# Favourite film of all time???



## Charlie (Dec 15, 2006)

What is your favourite film of all time? I don't want "oh I can't tie it down to just one", if you can't don't post :lol: .

I just want to see if there is any sort of correlation between our love for a specific type of car and a particular film.

Mine is - The Shawshank Redemption

Cheers

Charlie


----------



## Kell (May 28, 2002)

Ferris Bueller's day off.


----------



## W7 PMC (May 6, 2002)

Snatch


----------



## rustyintegrale (Oct 1, 2006)

The original Italian Job


----------



## Hallyfella (Mar 5, 2007)

Life of Brian . Classic :wink:


----------



## graTT58 (Jan 28, 2009)

Layer Cake.....easily.


----------



## Wallsendmag (Feb 12, 2004)

Memphis Belle/Top Gun


----------



## T3RBO (Dec 9, 2003)

Just going by the fact I have seen this film many many times... Gone in 60 seconds


----------



## nylo (Oct 29, 2009)

Shawshank Redemption would be up there as mine, Charlie, and I also absolutely love Top Gun too [smiley=thumbsup.gif]


----------



## WozzaTT (Jan 15, 2006)

One Flew Over the Cuckoo's Nest.


----------



## boyfie15 (Mar 23, 2009)

Shawshank without a doubt.


----------



## whirlypig (Feb 20, 2003)

Bladerunner


----------



## SAJ77 (Nov 16, 2008)

Gladiator 

An epic film!


----------



## Dash (Oct 5, 2008)

Spaceballs :mrgreen:

In fact, the film is so good, I've made a smiley just for this post (slow day at work):


----------



## malstt (Apr 18, 2007)

ALIENS 8)


----------



## Charlie (Dec 15, 2006)

wallsendmag said:


> Memphis Belle/Top Gun


Which is it then you are only allowed 1 tut tut :lol:

Some quality choices there, I used to class Ferris Bueller's as my top until I saw Shawshank, also The Green Mile is one I expected to crop up.
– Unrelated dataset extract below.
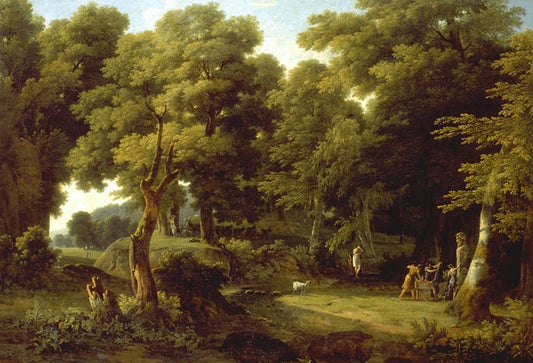 Paysage, offrande au dieu Pan (Wooded Landscape with Pan), vintage artwork by Jean-Victor Bertin, 12x8" (A4) Poster
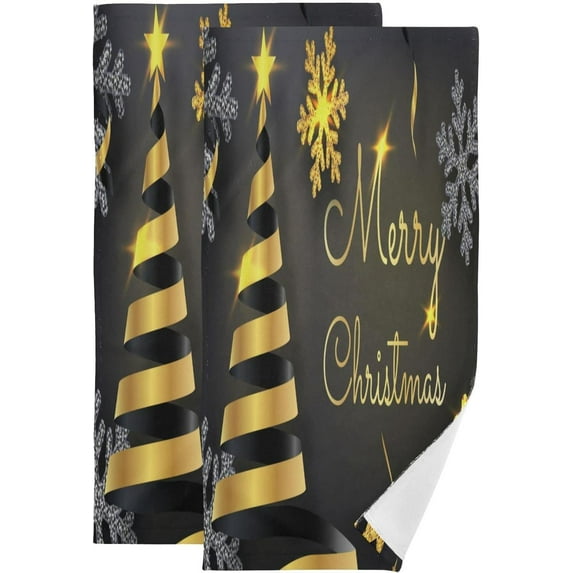 Merry Christmas Tree Hand Towels 2 PCS, Golden Black Kitchen Towel Ultra Soft and Highly Absorbent,Decorative Fingertip Face Towel for Bathroom Hotel, 28.3"x14.4"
Gone in 60 secs I know almost off by heart ;-)

Snatch is sheer class "dya like daaaaags" ;-), watched Layer Cake the other day great film.

The Italian Job - there is only one Rich it's a bit like the MK1 and MK2 TT situation ;-)

Good taste is prevailing - on the whole ;-)

Charlie


----------



## alexasTT (Jan 19, 2005)

today's it once upon a time in america


----------



## Widget (May 7, 2002)

Shine


----------



## cw955 (Apr 8, 2003)

The Maltese Falcon


----------



## rustyintegrale (Oct 1, 2006)

WozzaTT said:


> One Flew Over the Cuckoo's Nest.


Brilliant film  Jack Nicholson was superb, but was he acting?! :wink:


----------



## Blu-iTT (Dec 2, 2006)

Brazil


----------



## head_ed (Dec 10, 2002)

An American Werewolf in London 8)


----------



## ecko2702 (Jan 26, 2009)

I'm going to have to say Snatch.


----------



## TT_me (Sep 5, 2009)

KIDULTHOOD


----------



## Hipflyguy (Jun 1, 2006)

Back to the Future........

Nuff said, I win.


----------



## Dixon Bainbridge (May 27, 2008)

Withnail and I.


----------



## nilanth (Mar 30, 2007)

Carlito's way


----------



## Cairomac (Nov 19, 2008)

Debbie does Dallas ...........oh no, wrong forum


----------



## rustyintegrale (Oct 1, 2006)

nilanth said:


> Carlito's way


I watched that on Sunday afternoon. Great film... 8)


----------



## Trev TT (Nov 16, 2008)

If I have to pick one from my top 10, then im With Malstt
Aliens
Looks fantasic for its day, and the shoe tring budget ot was made on. I bet it looks more real than Camerons latest flick due in a couple of weeks. www.Avatar-movie.co.uk looks like a cartoon..


----------



## robokn (Feb 21, 2006)

Twin Towns, classic film


----------



## rustyintegrale (Oct 1, 2006)

robokn said:


> Twin Towns, classic film


What's that about then?


----------



## Charlie (Dec 15, 2006)

Two towns that are twins :lol:

Charlie


----------



## ecko2702 (Jan 26, 2009)

Cairomac said:


> Debbie does Dallas ...........oh no, wrong forum


pfft it's 2009 you don't taht to settle for that 80's rubbish :lol: :lol:


----------



## mde-tt (Aug 7, 2007)

Charlie said:


> Mine is - The Shawshank Redemption
> 
> Cheers
> 
> Charlie


I'm with you on this!
Before I even read your post my answer was Shawshank...


----------



## robokn (Feb 21, 2006)

A very good film but I like ones on a shore string sometimes, Green Mile...


----------



## Widget (May 7, 2002)

Chopper.


----------



## robokn (Feb 21, 2006)

It wasn't that bad a suggestion no need to be rude :lol: :lol: :lol:


----------



## Super Josh (May 29, 2009)

robokn said:


> Twin Town, classic film


Just looked this up on IMDB. Looks like I might have to hunt this down, cheers Rob 

Josh


----------



## Daz (Jul 16, 2002)

Cairomac said:


> Debbie does Dallas ...........oh no, wrong forum


my first thought :lol:

But on second thoughts......

Fargo


----------



## roddy (Dec 25, 2008)

easy rider ( todays ! )


----------



## T7 BNW (Jul 20, 2008)

Gob smaked that a film like chopper would be mentioned here!!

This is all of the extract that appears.